You can make an API call to check the status of a transaction very easily.
When my users are redirected back to my site (thanks page, or similar), I check if their transaction is completed, if not, I kick off an every-five-seconds check while asking the user to hold on while we talk with paypal. I will eventually fail after some number of checks of course, but this means PayPal can stop sending IPNs and everything will just keep going along just fine.
If the user might not end up back on your site for some reason, run a cronjob that tries to verify transactions created in the past day/hour/whatever.
An issue like this doesn't have to, and really shouldn't, cripple your business.
It is an https request. The internet is not bulletproof. What if your SSL cert expires, or due to being on the front page your webhook is timing out? Do you expect paypal to keep trying that IPN indefinitely? I hate paypal and all my new stuff uses stripe but any system that relies upon a request being made to notify of a transaction is not going to be bulletproof due to the nature of the internet.
That's very close to what I've always done. I have a notification to warn me if I have new failed sign-ups due to payment and keep Paypal responses to catch all sorts of problems. It's just good practice to expect things to fail sometimes. That's also why I have my status page hosted with a different provider and twitter status as a back-up for that.

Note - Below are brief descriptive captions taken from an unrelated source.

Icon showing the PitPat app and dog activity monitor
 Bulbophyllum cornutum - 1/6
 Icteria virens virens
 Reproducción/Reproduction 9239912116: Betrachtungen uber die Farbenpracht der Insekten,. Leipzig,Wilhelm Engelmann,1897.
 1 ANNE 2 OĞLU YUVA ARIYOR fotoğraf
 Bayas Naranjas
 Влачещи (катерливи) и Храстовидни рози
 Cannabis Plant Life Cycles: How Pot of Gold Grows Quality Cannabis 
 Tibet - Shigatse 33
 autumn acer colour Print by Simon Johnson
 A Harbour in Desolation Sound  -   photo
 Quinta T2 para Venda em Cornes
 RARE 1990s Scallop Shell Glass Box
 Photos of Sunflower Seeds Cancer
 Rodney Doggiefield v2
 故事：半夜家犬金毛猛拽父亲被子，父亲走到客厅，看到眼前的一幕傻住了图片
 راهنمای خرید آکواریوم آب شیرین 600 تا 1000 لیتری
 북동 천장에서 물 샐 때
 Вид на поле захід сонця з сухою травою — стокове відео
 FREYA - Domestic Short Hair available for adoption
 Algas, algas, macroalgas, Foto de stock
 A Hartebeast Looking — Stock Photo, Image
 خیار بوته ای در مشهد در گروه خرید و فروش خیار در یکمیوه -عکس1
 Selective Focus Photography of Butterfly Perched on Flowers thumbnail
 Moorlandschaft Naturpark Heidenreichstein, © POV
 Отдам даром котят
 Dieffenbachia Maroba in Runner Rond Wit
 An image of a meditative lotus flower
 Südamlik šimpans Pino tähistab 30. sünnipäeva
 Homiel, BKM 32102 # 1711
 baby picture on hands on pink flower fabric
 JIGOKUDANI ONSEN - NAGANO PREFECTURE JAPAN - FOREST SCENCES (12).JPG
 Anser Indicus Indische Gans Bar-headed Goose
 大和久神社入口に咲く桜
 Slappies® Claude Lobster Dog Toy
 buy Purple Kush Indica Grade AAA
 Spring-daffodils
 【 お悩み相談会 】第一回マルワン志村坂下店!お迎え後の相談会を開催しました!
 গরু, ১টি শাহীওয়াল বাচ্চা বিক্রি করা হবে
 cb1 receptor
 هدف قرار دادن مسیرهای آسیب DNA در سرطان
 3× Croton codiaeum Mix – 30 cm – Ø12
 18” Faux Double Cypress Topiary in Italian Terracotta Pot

My favorite Paypal annoyance is that for split payments there's no way to verify that a seller's Paypal account qualifies for split payments (has to be a business account and verified), without trying to send a payment. At least, that's the way it was last it mattered to me.
What I can't stand is that accounts in some countries (at least India) can't send payments from balance. So you can't get your fee. This is mentioned nowhere in the docs, a customer just hit it one day and that's how I found out. I asked paypal what other countries can't send payments and they said... wait for it... they "don't have a list". I kid you not: https://twitter.com/rfunduk/status/412980259001102336
Agreed - the statement of "Because of how critical IPNs are to any Paypal integration, we didn't think to double check if IPNs were not being sent." is exactly why you should double check - anything that is critical needs tests and backup solutions.
When my users are redirected back to my site (thanks page, or similar), I check if their transaction is completed, if not, I kick off an every-five-seconds check while asking the user to hold on while we talk with paypal. I will eventually fail after some number of checks of course, but this means PayPal can stop sending IPNs and everything will just keep going along just fine.
If the user might not end up back on your site for some reason, run a cronjob that tries to verify transactions created in the past day/hour/whatever.
An issue like this doesn't have to, and really shouldn't, cripple your business.